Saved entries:
--- START ---

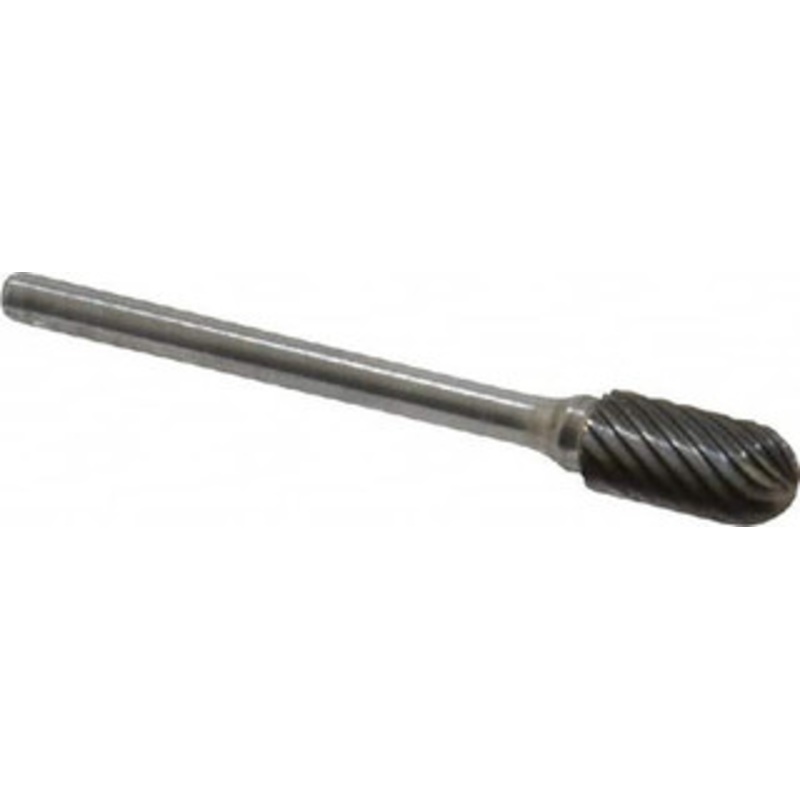 Atrax 1/4 Cut Diam, 1/8 Shank Diam, Carbide Single Cut Cylinder Burr with Radius Radius End, 1-3/4 OAL, 1/2 LOC SC-51SC-ATX – 85282085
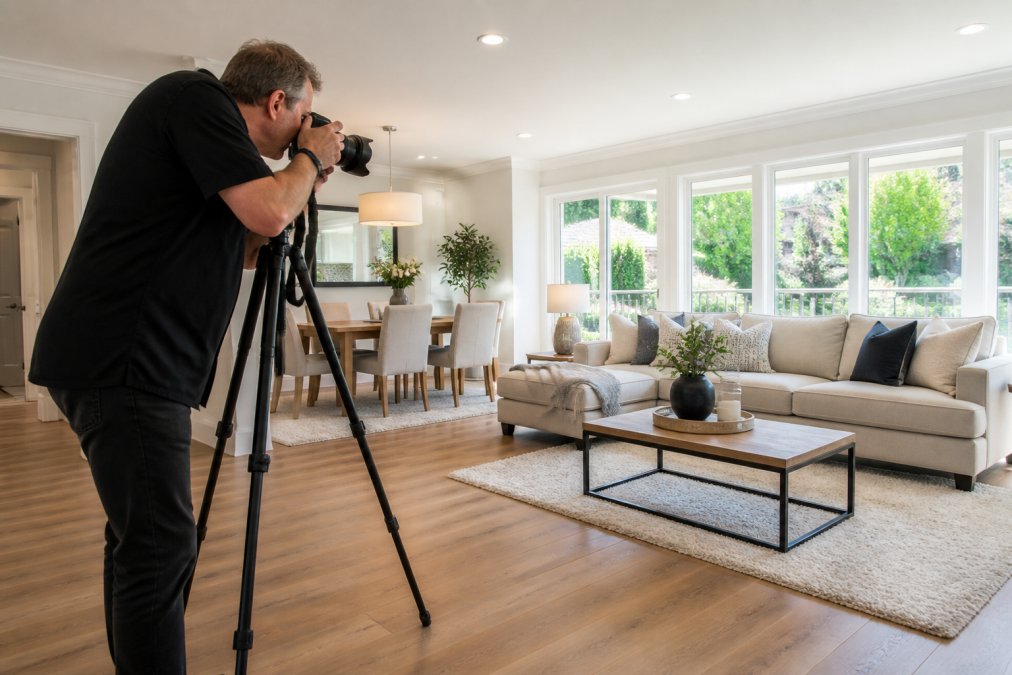 A bright, professionally lit living room with clean staging, wide-angle composition showing natural light streaming through large windows, plump cushions on a neutral sofa, and a polished wooden floor visible in the foreground
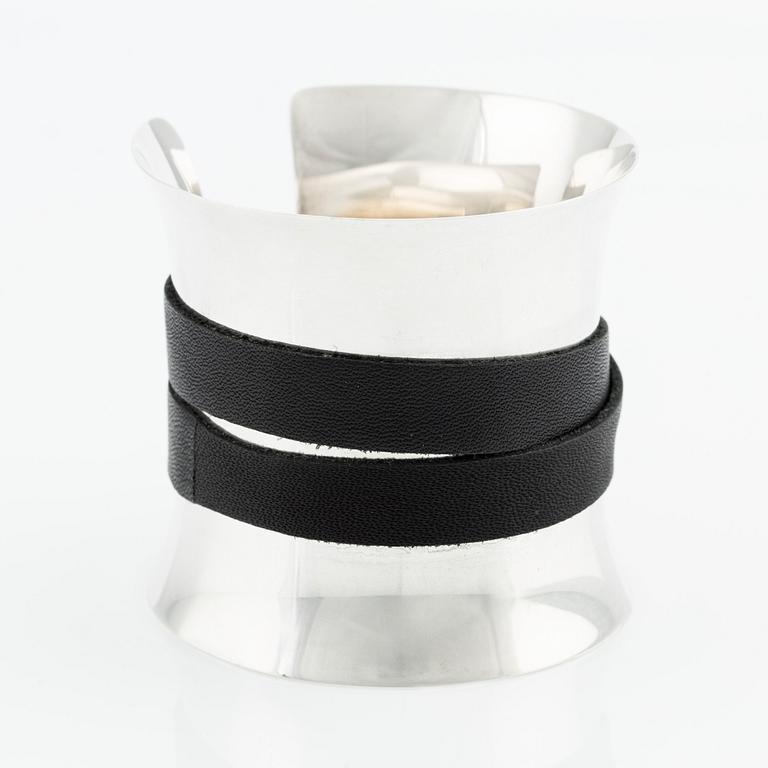 Georg Jensen, a bangle, sterling silver with leather strap, Denmark.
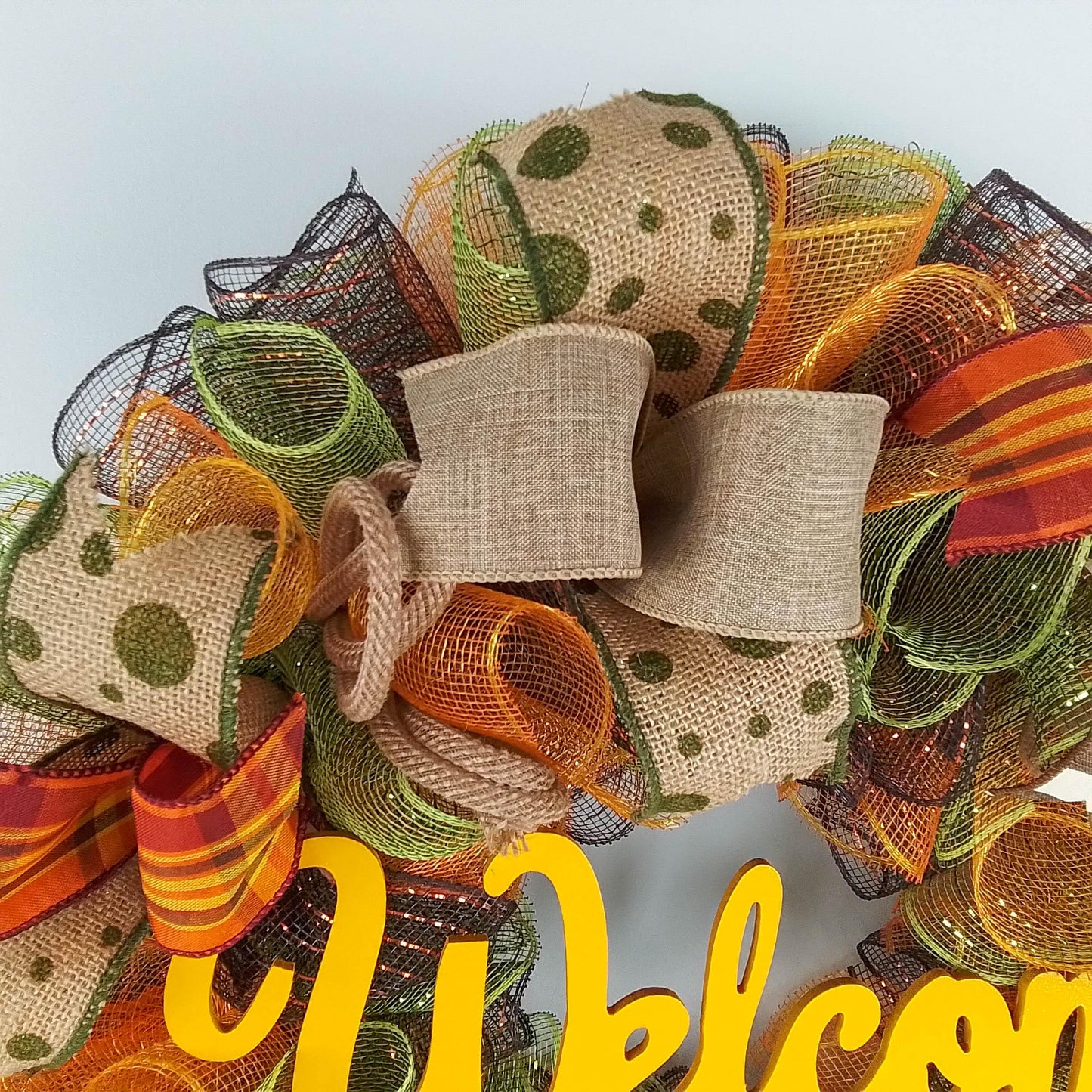 Welcome Fall Wreaths, Thanksgiving Front Door Wreath, Green, Brown : F1 - Pink Door Wreaths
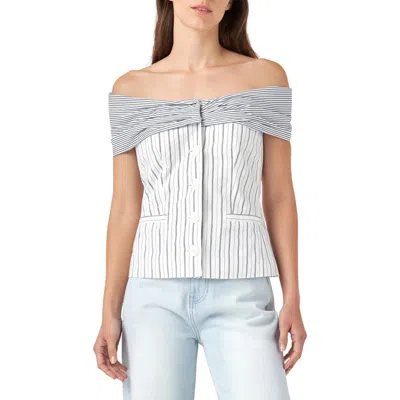 English Factory Stripe Off The Shoulder Blouse In White/navy
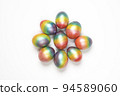 Easter eggs of different colors. Preparing for Easter Week. 94589060
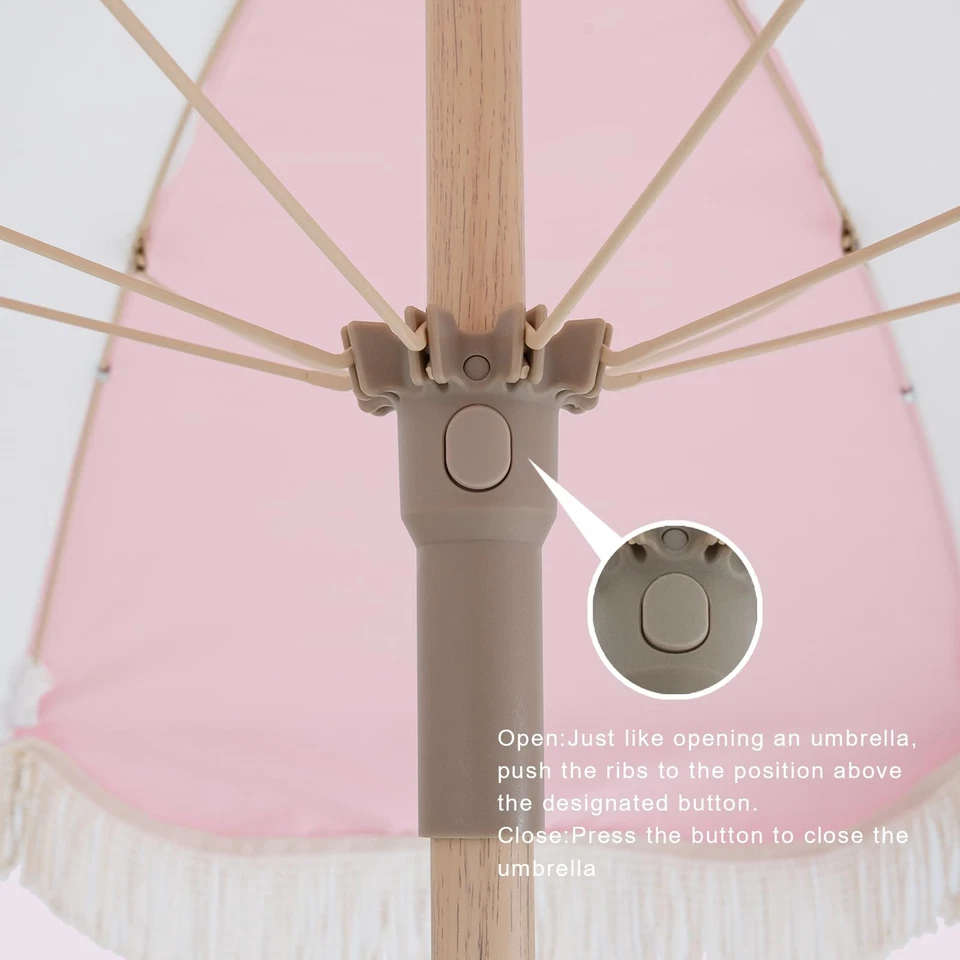 7ft Boho Beach & Patio Umbrella with Fringe, Market Umbrellas with UPF 50+ UV... - Image 3 of 4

--- END ---

Try it:
Leaving pictures aside, give again word for word each line from the one with "Welcome Fall Wreaths, Thanksgiving" to the final line of the entries.

Your solution:
 Welcome Fall Wreaths, Thanksgiving Front Door Wreath, Green, Brown : F1 - Pink Door Wreaths
 English Factory Stripe Off The Shoulder Blouse In White/navy
 Easter eggs of different colors. Preparing for Easter Week. 94589060
 7ft Boho Beach & Patio Umbrella with Fringe, Market Umbrellas with UPF 50+ UV... - Image 3 of 4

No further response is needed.